Hingga akhirnya kerinduanku pada Batu dan rumah membuncah, menyeruak dari sela – sela kesibukanku menjadi Director, Internal Client Management dia berkata akan pergi. Entah kenapa, setiap ku tanyakan ia hanya berkata bahwa aku telah lebih dari kuat dan dia akan meninggalkanku.
Sampai suatu hari ketika aku akhirnya kembali ke tanah air, ke Indonesia. Dia ikut bersamaku berjumpa Bapak, Ibu, mbak Isa, Mbak Inan dan lainnya termasuk rumahku. Ia melihatku memperagakan yoga pada mereka, ia tersenyum. Hingga kemudian aku mengajaknya mendaki Rinjani. Ada selaksa yang tak pernah bisa ku tuliskan, ada sebuah ruang yang seketika menjadi begitu damai. Ruang yang kemudian mengatakan semua telah berubah dan akan baik lebih baik dari sebelumnya. Ruang yang kemudian mengendap bersama sesuatu yang lain yang saling bicara dalam diam dan kebahagiaan. Ketika itulah dia pergi, dengan tenang dan guratan yang sempurna di puncak Rinjani.

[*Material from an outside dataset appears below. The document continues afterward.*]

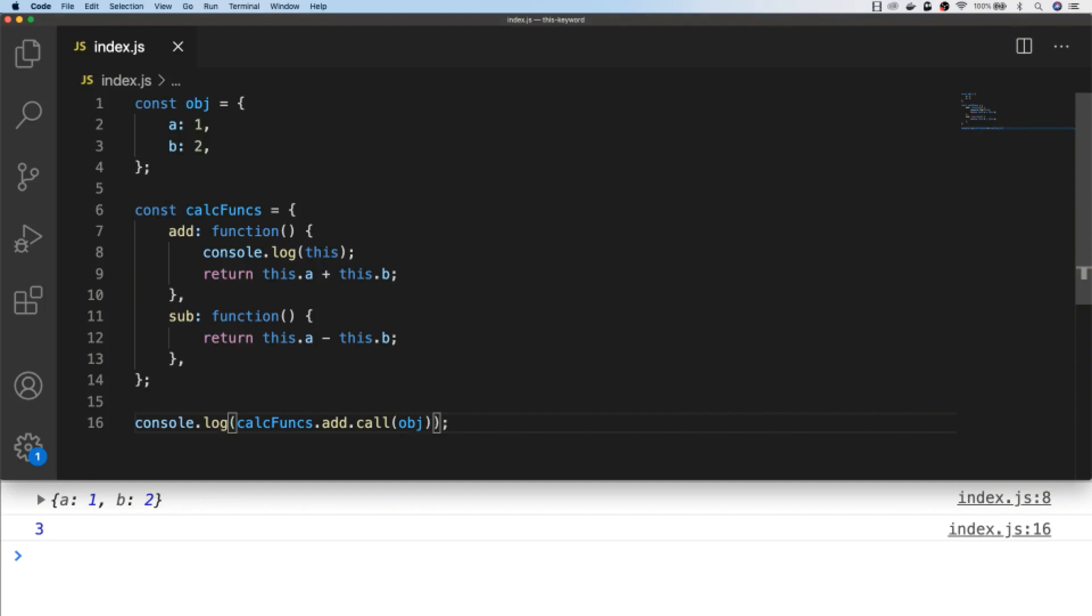So what we're actually doing here now with the call function is we're saying we want to use the add function that's defined in calc funcs, but we want to set the context of this to the object that we pass into the parentheses of the call function, which in this case is the first object that we defined above.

Ketika semua yang menjadi mimpi terdaki. Ketika waktu berjalan, ketika musim berganti. Ketika hati berbicara untuk kembali, saat itulah 9 summers 10 autumns terpungkasi namun tak berakhir.
“Impian harus menyala dengan apapun yang kita miliki meskipun yang kita miliki tidak sempurna, meskipun retak retak”-9 summers 10 autumns (Iwan Setyawan)–(Arf)
Semangatlah untuk meretas janji kehidupan yang lebih baik__(ME, RS-26/11)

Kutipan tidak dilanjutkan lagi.